Well where to start. My friend Anthony his dad and myself went down to Chokoloskee and had an awesome 5 days of fishing. The weather couldn't have been better besides a few afternoon thunderstorms. Each day we would start offshore on the wrecks then go fish the inside in the afternoon. 

On the wrecks we caught a ton cobia, went 1 for 10 on permit ( the sharks are crazy). Some small grouper, a few nice snook and trout on a close wreck. We also jumped two tarpon on the wrecks and caught some big goliath grouper and sharks at the end of the day before we left the wrecks. The sharks make it near impossible to land anything on the wrecks it we would see 3 or 4 at a time cruising around the wrecks. [smiley=bigun2.gif]

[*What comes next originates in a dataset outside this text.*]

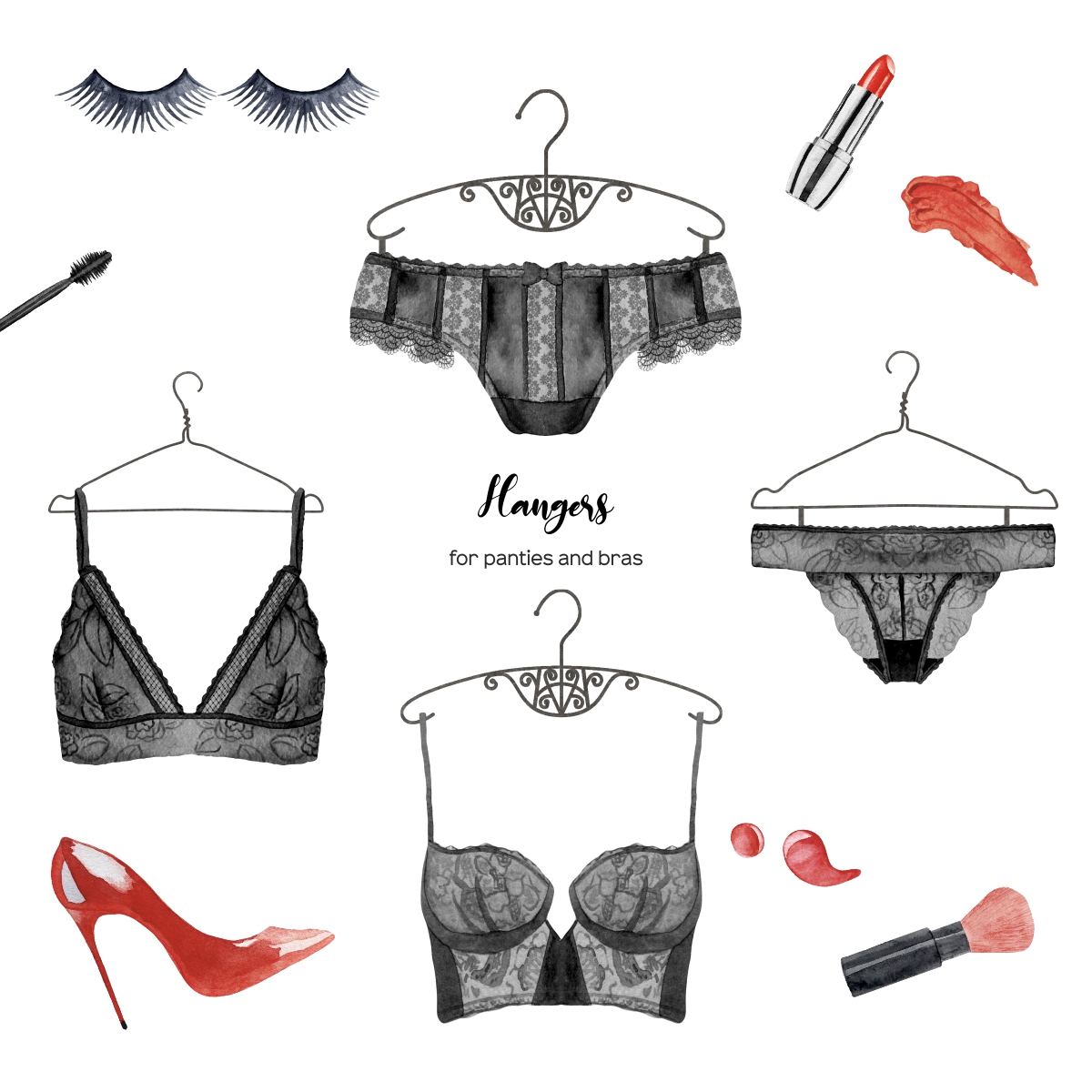 Watercolor lingerie clipart 4 amazing black set and items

On the inside we were catching 15 to 25 snook a day along with a bunch of red fish. Anthony hooked a nice tarpon and survived 6 jumps and got like ten feet to the boat before his leaded broke (fishing with some light leader not ready for a big tarpon)  . Even caught a few 5 to 6 foot sharks on the inside, they are everywhere. 
It was an awesome trip [smiley=headbang.gif]
A few pics
































Fighting a huge shark
















One of the many doubles


----------



## anytide (Jul 30, 2009)

AWESOME report -congrats on that trip there ,keep em coming
-anytide


----------



## mark_gardner (Mar 18, 2009)

is that anthoneys dad with the pathfinder? seen him launching outta palm valley  nice boat.....looks new  you guys sound like you tore them up  congrats  [smiley=1-beer.gif]

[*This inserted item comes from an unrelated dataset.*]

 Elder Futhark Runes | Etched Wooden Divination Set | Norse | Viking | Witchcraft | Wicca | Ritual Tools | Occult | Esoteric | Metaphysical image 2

yall werent down there with forum member strike 3 were ya??? :-?


----------



## PVredfisher (Jan 11, 2007)

Thanks 
Mark yea that is his dads pathfinder and it is only a month or so old. Nope weren't down there with strike 3.


----------



## TidewateR (Nov 11, 2009)

Man that's awesome! When are y'all coming back to Louisiana?..still plenty of water to fish including Delacroix.


----------



## richwalker71 (Feb 11, 2010)

Awesome! Glad to see some Snook made it thru the freeze. I may get to make my Fall trip down there after all.

TRW


----------



## Taterides (Nov 10, 2008)

Nice report. Makes me feel good about a 3 day trip I have coming up.


----------



## HaMm3r (Dec 11, 2006)

5 back to back days of fishing, that's a dream trip in itself. Add in the number and variety of fish you caught and it's heaven! I'm jealous!!


----------



## deerfly (Mar 10, 2007)

You guys were on em.  I love it down there, wish I could make it more often.


----------



## beavis (Dec 11, 2006)

Looks like you guys had a great trip. Thanks for the pix.


----------



## PVredfisher (Jan 11, 2007)

> Man that's awesome! When are y'all coming back to Louisiana?..still plenty of water to fish including Delacroix.


 We are thinking about it , maybe next time we come there won't be a da m hurricane.


----------